Crawled caption data
_ _ _ _

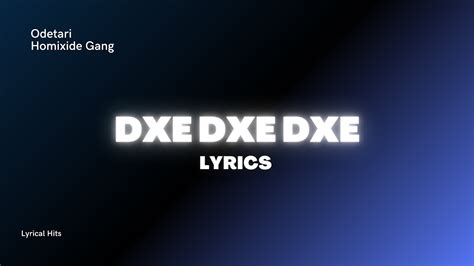 Genius Q&A When did Odetari release "DXE DXE DXE" Community Answer Odetari released " DXE DXE DXE " on November 8, 2023. . Dxe dxe dxe lyrics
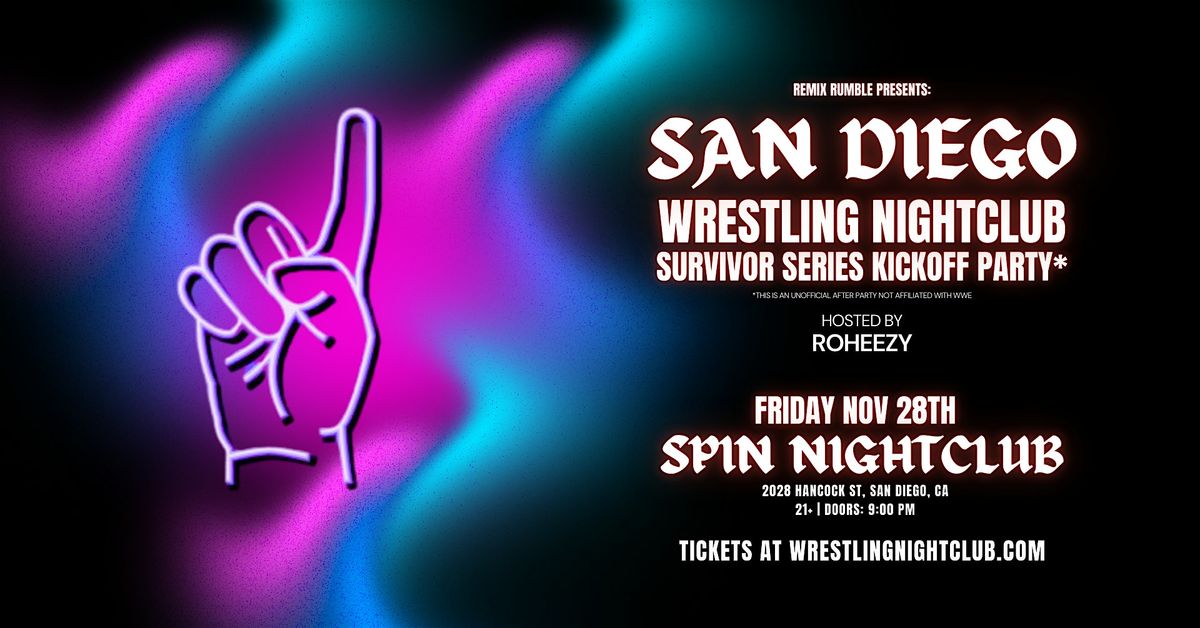 Remix Rumble Presents: San Diego Wrestling Nightclub (21+)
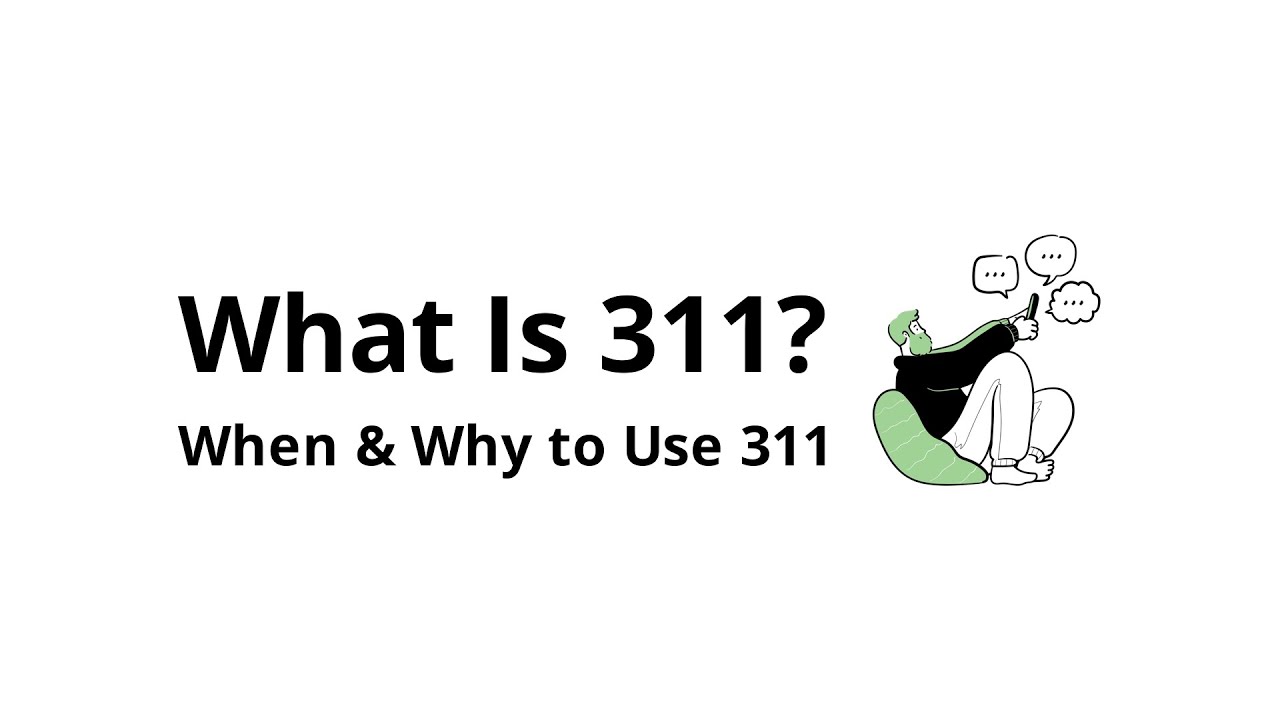 What Is 311 and When Should You Use It?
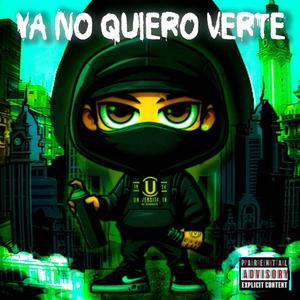 Ya no quiero verte (Explicit)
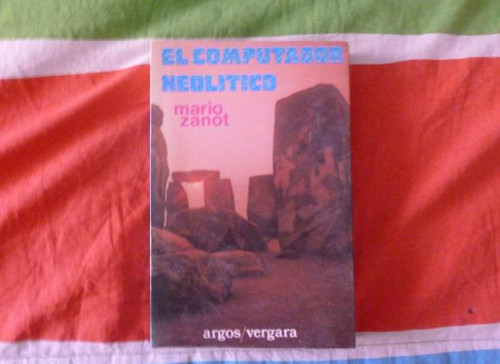 Portada del libro de EL COMPUTADOR NEOLITICO ZANOT MARIO ARGOS VERGARA 1997 252pp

_ _ _ _

# [Task to complete]
The data above are to be repeated word for word, with any pictures left out.

# [Solution to this task]
 Genius Q&A When did Odetari release "DXE DXE DXE" Community Answer Odetari released " DXE DXE DXE " on November 8, 2023. . Dxe dxe dxe lyrics
 Remix Rumble Presents: San Diego Wrestling Nightclub (21+)
 What Is 311 and When Should You Use It?
 Ya no quiero verte (Explicit)
 Portada del libro de EL COMPUTADOR NEOLITICO ZANOT MARIO ARGOS VERGARA 1997 252pp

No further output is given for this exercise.